Relativistic simulations of the phase-transition-induced collapse of neutron stars

TL;DR

This paper presents general relativistic 2D simulations of neutron star phase transitions to hybrid stars, analyzing gravitational wave emissions and their detectability with current and future interferometers.

Contribution

It advances previous Newtonian models by implementing 2D relativistic simulations and improved initial phase transition treatment, providing new insights into gravitational wave signals from neutron star collapse.

Findings

Gravitational wave spectrum dominated by fundamental pulsation modes

Strain amplitudes smaller than previously estimated

Nonlinear mode resonance enhances gravitational wave emission

Abstract

An increase in the central density of a neutron star may trigger a phase transition from hadronic matter to deconfined quark matter in the core, causing it to collapse to a more compact hybrid-star configuration. We present a study of this, building on previous work by Lin et al. (2006).
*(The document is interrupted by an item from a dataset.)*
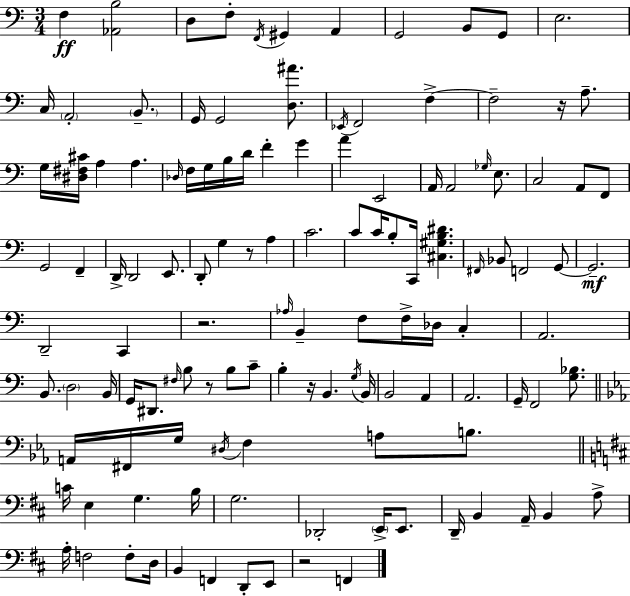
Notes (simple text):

F3/q [Ab2,B3]/h D3/e F3/e F2/s G#2/q A2/q G2/h B2/e G2/e E3/h. C3/s A2/h B2/e. G2/s G2/h [D3,A#4]/e. Eb2/s F2/h F3/q F3/h R/s A3/e. G3/s [D#3,F#3,C#4]/s A3/q A3/q. Db3/s F3/s G3/s B3/s D4/s F4/q G4/q A4/q E2/h A2/s A2/h Gb3/s E3/e. C3/h A2/e F2/e G2/h F2/q D2/s D2/h E2/e. D2/e G3/q R/e A3/q C4/h. C4/e C4/s B3/e C2/s [C#3,G#3,B3,D#4]/q. F#2/s Bb2/e F2/h G2/e G2/h. D2/h C2/q R/h. Ab3/s B2/q F3/e F3/s Db3/s C3/q A2/h. B2/e. D3/h B2/s G2/s D#2/e. F#3/s B3/e R/e B3/e C4/e B3/q R/s B2/q. G3/s B2/s B2/h A2/q A2/h. G2/s F2/h [G3,Bb3]/e. A2/s F#2/s G3/s D#3/s F3/q A3/e B3/e. C4/s E3/q G3/q. B3/s G3/h. Db2/h E2/s E2/e. D2/s B2/q A2/s B2/q A3/e A3/s F3/h F3/e D3/s B2/q F2/q D2/e E2/e R/h F2/q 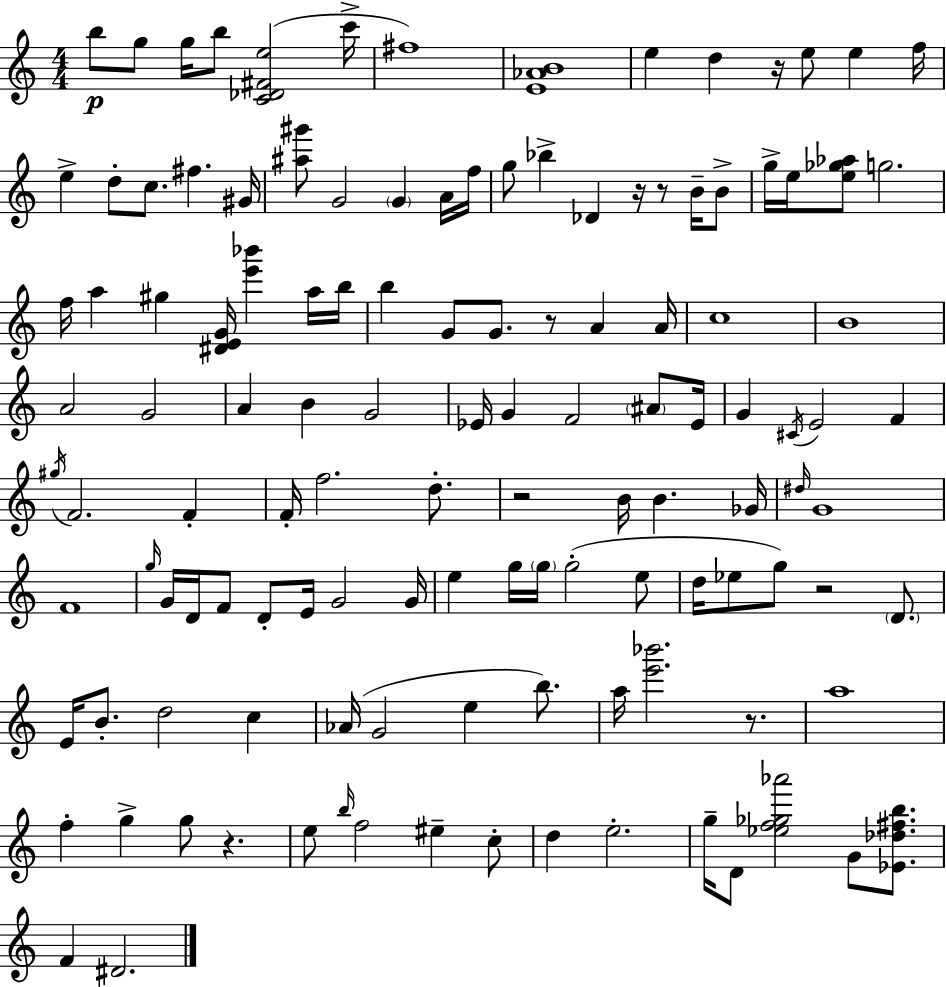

We follow them in considering a supersonic phase transition and using a simplified equation of state, but our calculations are general relativistic (using 2D simulations in the conformally flat approximation) as compared with their 3D Newtonian treatment. We also improved the treatment of the initial phase transformation, avoiding the introduction of artificial convection. As before, we find that the emitted gravitational-wave spectrum is dominated by the fundamental quasi-radial and quadrupolar pulsation modes but the strain amplitudes are much smaller than suggested previously, which is disappointing for the detection prospects. However, we see significantly smaller damping and observe a nonlinear mode resonance which substantially enhances the emission in some cases. We explain the damping mechanisms operating, giving a different view from the previous work. Finally, we discuss the detectability of the gravitational waves, showing that the signal-to-noise ratio for current or second generation interferometers could be high enough to detect such events in our Galaxy, although third generation detectors would be needed to observe them out to the Virgo cluster, which would be necessary for having a reasonable event rate.